In Amritsar, India, the Sikh gather in a Golden Temple to serve an average of 100,000 meals every single day of the year in a kitchen that never closes. Not a single one of them will pay for the food they consume. Anyone can eat for free here, and many, many people do. On a weekday, about 80,000 come. On weekends, almost twice as many people visit. Each visitor gets a wholesome vegetarian meal, served by volunteers who embody India’s religious and ethnic mosaic.

The langar, or community kitchen, found in this temple is the largest free kitchen on the planet, serving literally tons of food from a sprawling complex of white marble and gold. With its crowds swelling to some 150,000 on holy days, this Sikh temple sees more daily traffic than the  India’s most popular tourist attraction, the Taj Mahal.

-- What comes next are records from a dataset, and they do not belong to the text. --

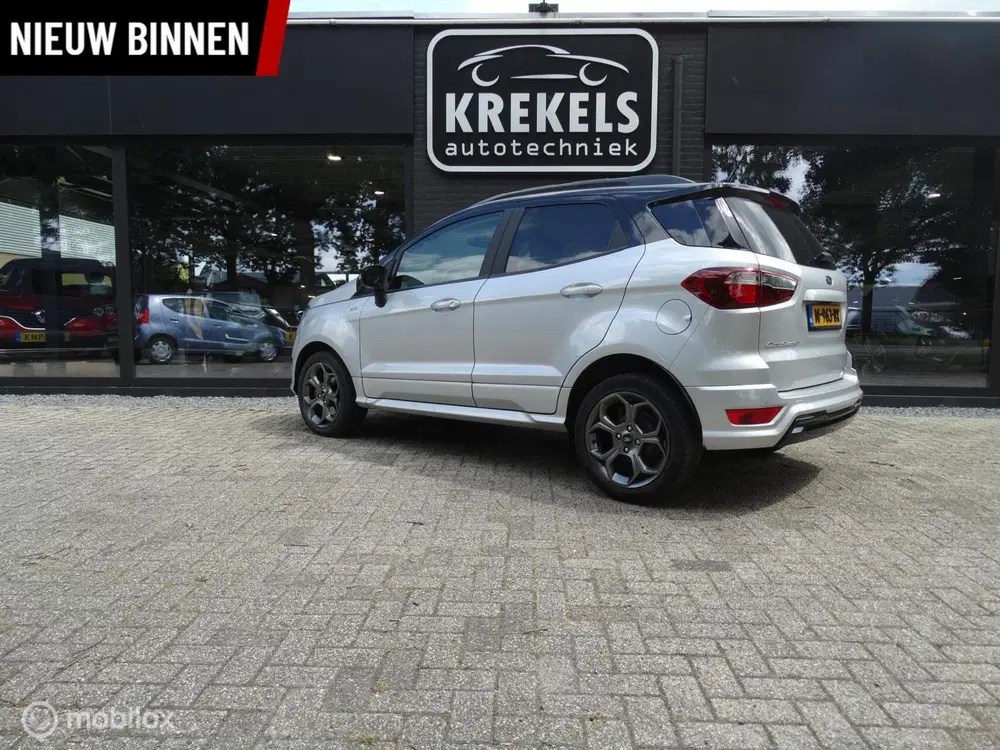 Ford EcoSport 1.0 EcoBoost ST-Line uit 2019, foto 7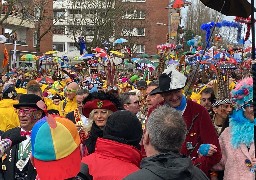 C'est parti pour les 3 Joyeuses à Dunkerque !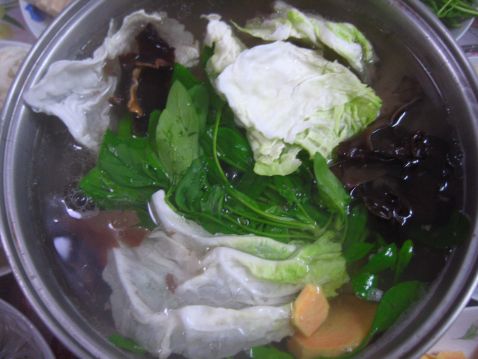 Home Style Hot Pot recipe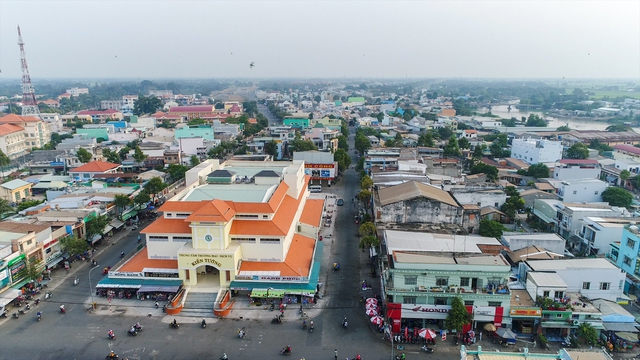 Nhà đầu tư bất động sản tìm kiếm cơ hội ở những vùng đất mới - Ảnh 2.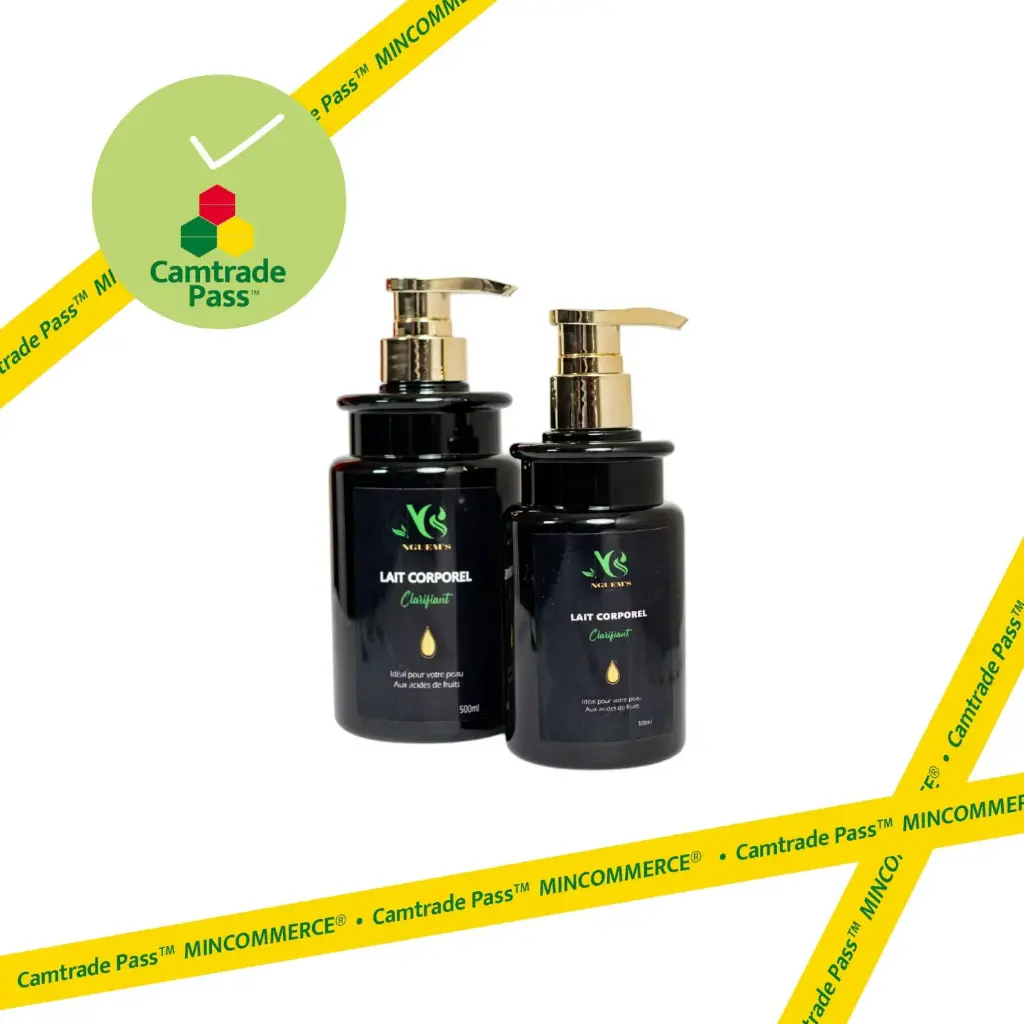 LAIT CLARIFIANT AUX ACIDES DE FRUITS 500ml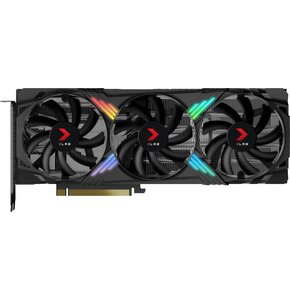 Karta graficzna PNY GeForce RTX 4060 Ti XLR8 Gaming Verto Epic-X RGB Triple Fan 8GB DLSS 3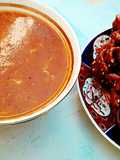 Harira (sopa marroquí)
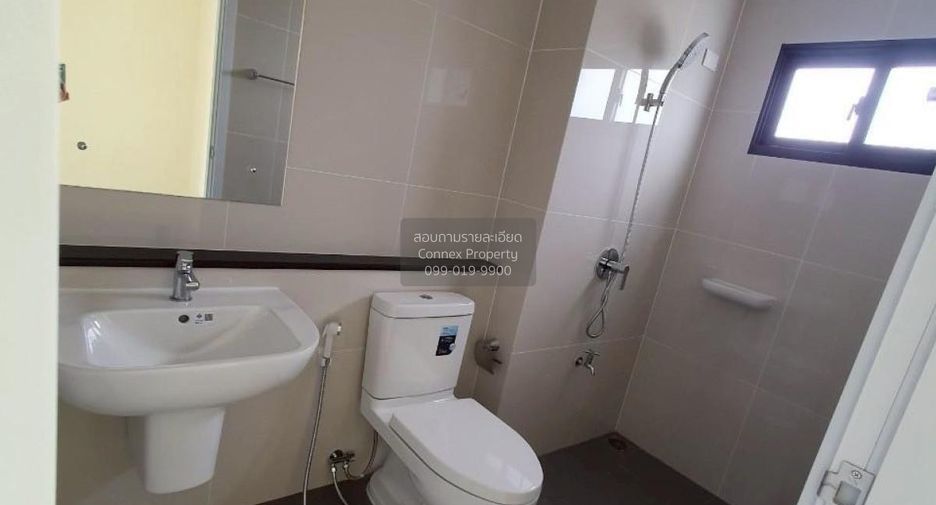 For rent 1 Beds townhouse in Bang Phli, Samut Prakan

A meal of this scale is made possible by a cadre of volunteers and an astonishing amount of raw materials: 12,000 kilos of flour,  1,500 kilos of rice, 13,000 kilos of lentils, and up to 2,000 kilos of vegetables. While much of the work is done by hand, a mechanized oven and conveyor belt turn out 200,000 rotis on a daily basis. The langar, as it’s called, never closes—and even late at night, pilgrims will stop by for a meal.
Volunteers working in the Kitchen
Volunteers working in the Kitchen
The institution of the langar, or free kitchen, is believed to have been started by the first Sikh Guru, Guru Nanak Ji in about 1481 but it was already popular in Chisti Sufis of the Indian subcontinent and it is said to have been started by Baba Farid. It was designed to uphold the principle of equality between all people regardless of religion, caste, colour, creed, age, gender or social status, a revolutionary concept in the caste-ordered society of 16th-century India where Sikhism began. In addition to the ideals of equality, the tradition of langar expresses the ethics of sharing, community, inclusiveness and oneness of all humankind.